■領土問題を考えるには原点に立ち戻るべき
環球時報:日本政府はカイロ宣言の意義を薄めるつもりのようだが、日本国内では戦後の東アジアおよびアジア太平洋の秩序を取り決めたこの文書をどう受けているのか?
凌星光:1940年代後半に国際政治に激変が生じると、米国など西側諸国は冷戦思考の下でカイロ宣言とポツダム宣言の約束を遵守せず、1951年にサンフランシスコ講和条約と日米安保条約を一方的に締結した。冷戦期には客観的情勢の影響で、カイロ宣言とポツダム宣言を取り上げる声は国際社会でどんどん小さくなり、ほぼ忘れ去られた。だが日本右翼勢力はカイロ宣言とポツダム宣言への批判を一貫して止めず、中国の台頭に伴い日本の主流政治勢力はサンフランシスコ講和条約を強調し、カイロ宣言とポツダム宣言を無視している。

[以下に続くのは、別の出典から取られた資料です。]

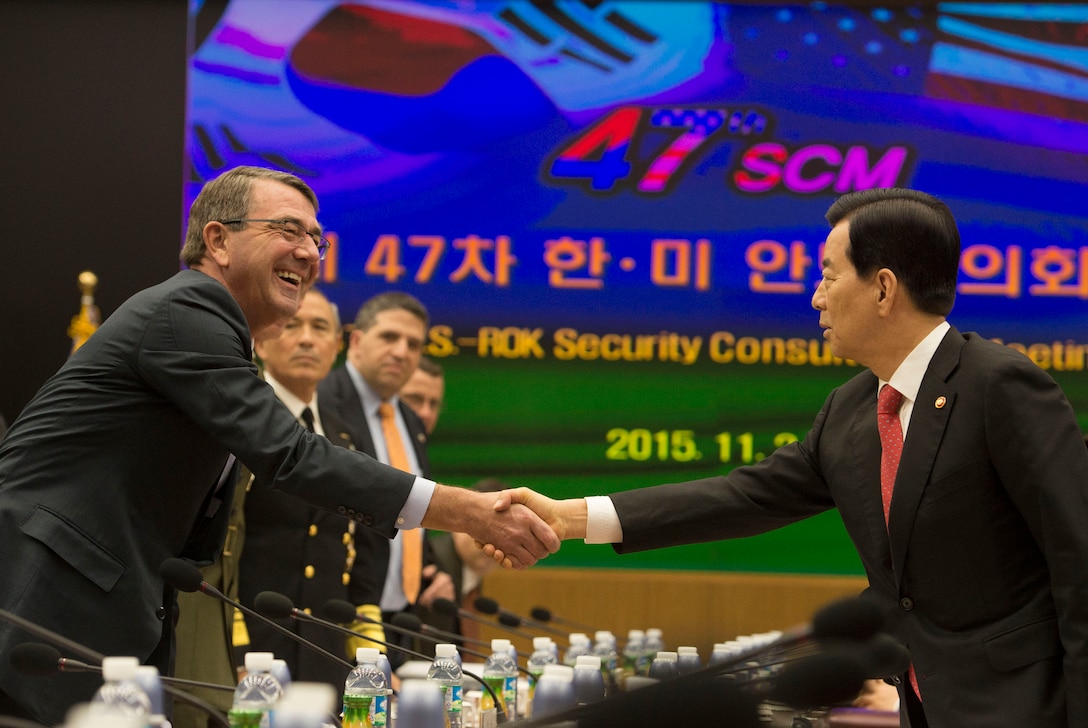 U.S. Defense Secretary Ash Carter shakes hands with South Korean Defense Minister Han Min-koo as they arrive for the 47th U.S.-South Korea Security Consultative Meeting plenary session in Seoul, South Korea, Nov. 2, 2015. DoD photo by Air Force Senior Master Sgt. Adrian Cadiz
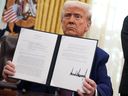 U.S. President Donald Trump shows the executive order on reciprocal tariffs in the Oval Office at the White House on Thursday.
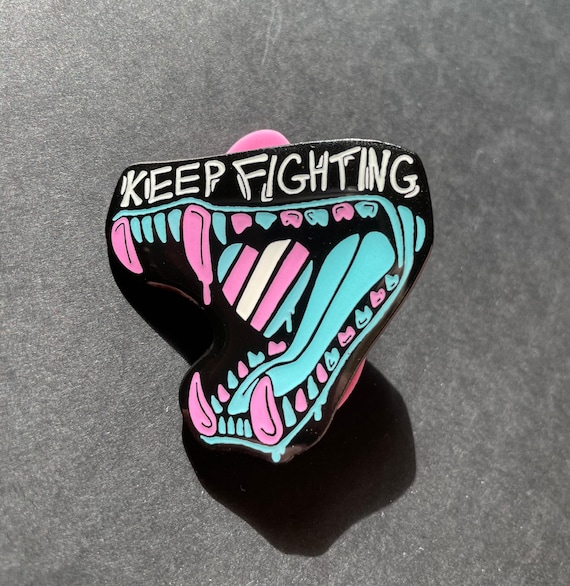Keep Fighting trans pride pin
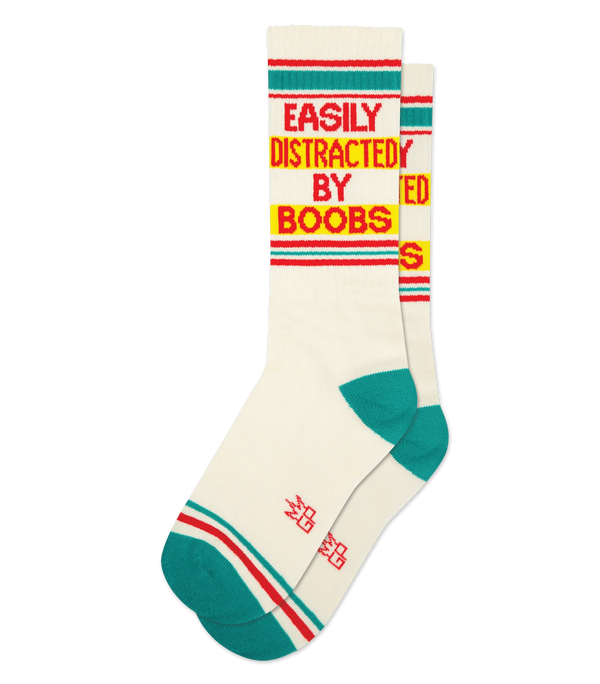 Cream socks with red & teal accents, with red text that reads "EASILY DISTRACTED BY BOOBS"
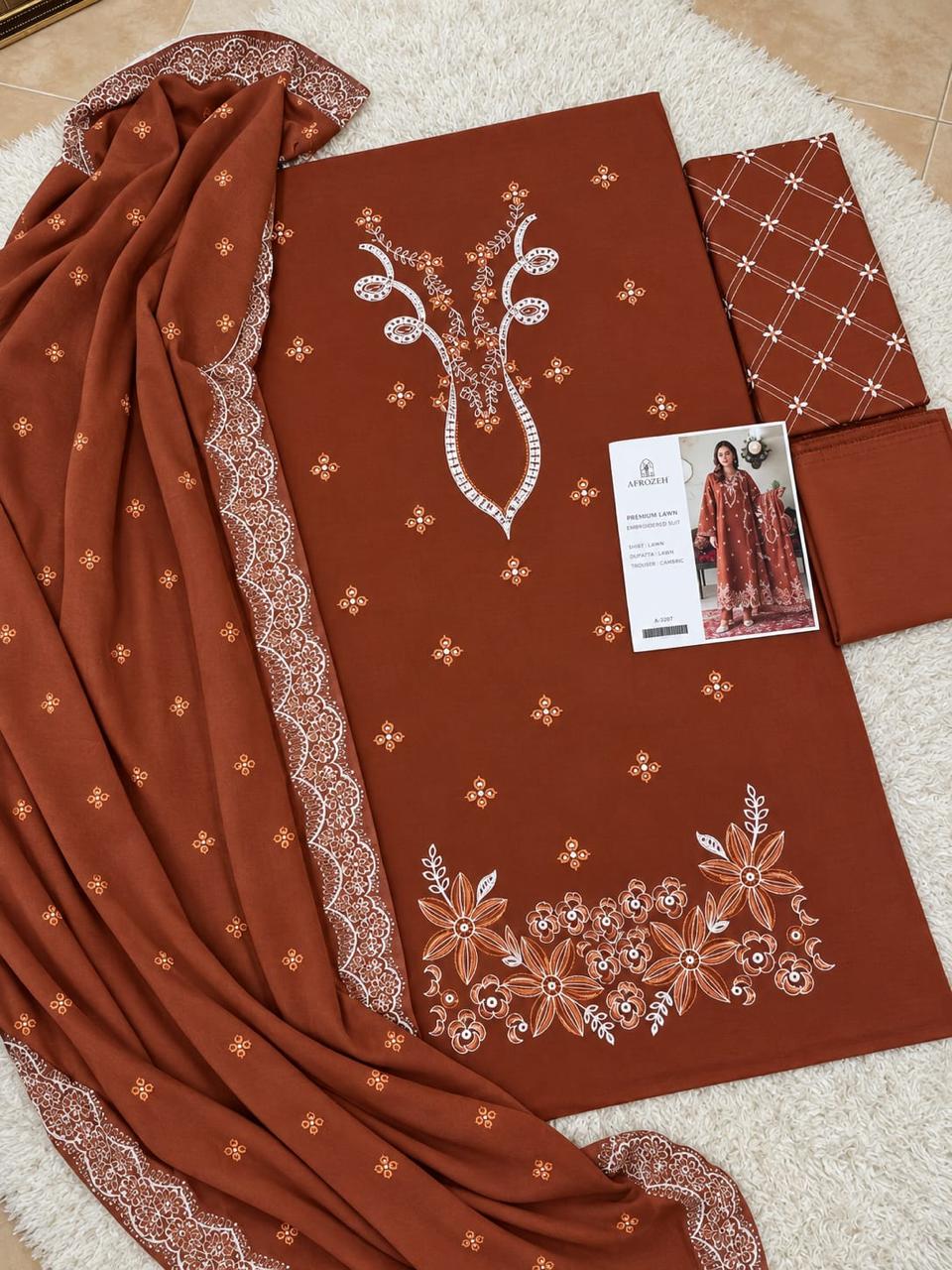 A rust-brown salwar kameez suit set laid flat on a white textured rug, featuring a printed fabric piece with white and gold floral embroidery, a matching printed dupatta with white lace borders, a folded patterned fabric piece, and a small printed card.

田中宏:1972年の日中共同声明には「日本側は、過去において日本国が戦争を通じて中国国民に重大な損害を与えたことについての責任を痛感し、深く反省する」との文言がある。サンフランシスコ講和条約(1951年)、「日華平和条約」(1952年)など日本の戦後処理に関する国際文書には、歴史認識に関する文言がない。
日中共同声明で初めて、過去の歴史に対する日本の認識が盛り込まれた。また、日中共同声明第3条は「日本国政府は、この中華人民共和国政府の立場を十分理解し、尊重し、ポツダム宣言第八項に基づく立場を堅持する」と定めた。こうして見ると、カイロ宣言がどれほど重要な意義を持つ国際文書であるのかが分かる。これは日本がいかに歴史に向き合い、未来を切り開くかを考えるうえでの重要な出発点だ。
劉迪(在日学者):日本の学者、白井聡氏は『永続敗戦論--戦後日本の核心』で、ポツダム宣言第8項は日本の領土問題を考えるうえで繰り返し立ち戻らなければならない原点だと書いた。白井氏は降伏によって日本はこの条項を完全に受諾した、つまり甲午戦争後に獲得した全ての領土を失ったと指摘した。